Earlier in the summer, they sent me some cherries, which became Sweet Cherry Butter and Cherry Balsamic Jam. More recently, they sent me 18 pounds of the most glorious, fragrant peaches. I’ve turned them into five different preserves and over the course of this week, I’ll share those recipes right here.
For this first recipe, I’ve made a relatively small batch of peach cardamom jam. This is made without added pectin and requires constant stirring and a bit of bravery at the end of cooking for it to thicken sufficiently. Use a wide pot, turn the heat down a little, and trust your judgment. I have no doubt you can do it.
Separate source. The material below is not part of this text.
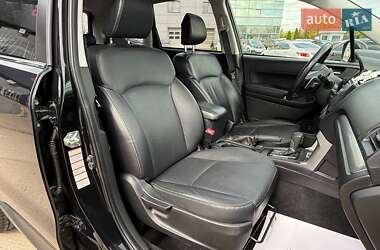 Позашляховик / Кросовер Subaru Forester 2013 в 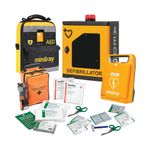 Hypaguard C1A Aed Outdoor Cab Bund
I use ground cardamom for this preserve and I love both the intense flavor and speckled appearance that it gives the finished jam. You could also try using lightly crushed whole cardamom pods, but take care to count how many you put in so that you can pull them out when the jam is finished (I imagine 5 or 6 pods should do it).
If you want to see what some of the other Canbassadors have done this year, make sure to follow the Washington State Stone Fruit Growers and Northwest Cherries folks on social media, as they’ve been sharing the posts. Here’s where you can find them.
Peach Cardamom Jam
- 3 pounds peaches pitted, peeled, and diced
- 2 cups granulated sugar
- 1 teaspoon ground cardamom
- 1 lemon juiced
- Prepare a canning pot and four half pint jars.
- Combine the prepped peaches, sugar, cardamom and lemon juice in a low, wide, non-reactive pot and stir to combine.
- Once the sugar has started to dissolve and there's some liquid in the pot, place it on the stove over high heat and bring to a boil. Reduce the heat to medium-high and cook, stirring regularly for 15-20 minutes, until the total volume in the pot has reduced by at least one-third and the jam looks quite thick.
- As the jam cooks, use a potato masher to help break down the peaches.
- Funnel the jam into the prepared jars, leaving 1/2 inch headspace.
- Wipe the rims, apply the lids and rings, and process in a boiling water bath canner for 10 minutes.
- When the time is up, remove the jars and set them on a folded kitchen towel to cool.
- Once the jars have cooled enough that you can comfortably handle them, check the seals. Sealed jars can be stored at room temperature for up to a year. Any unsealed jars should be refrigerated and used promptly.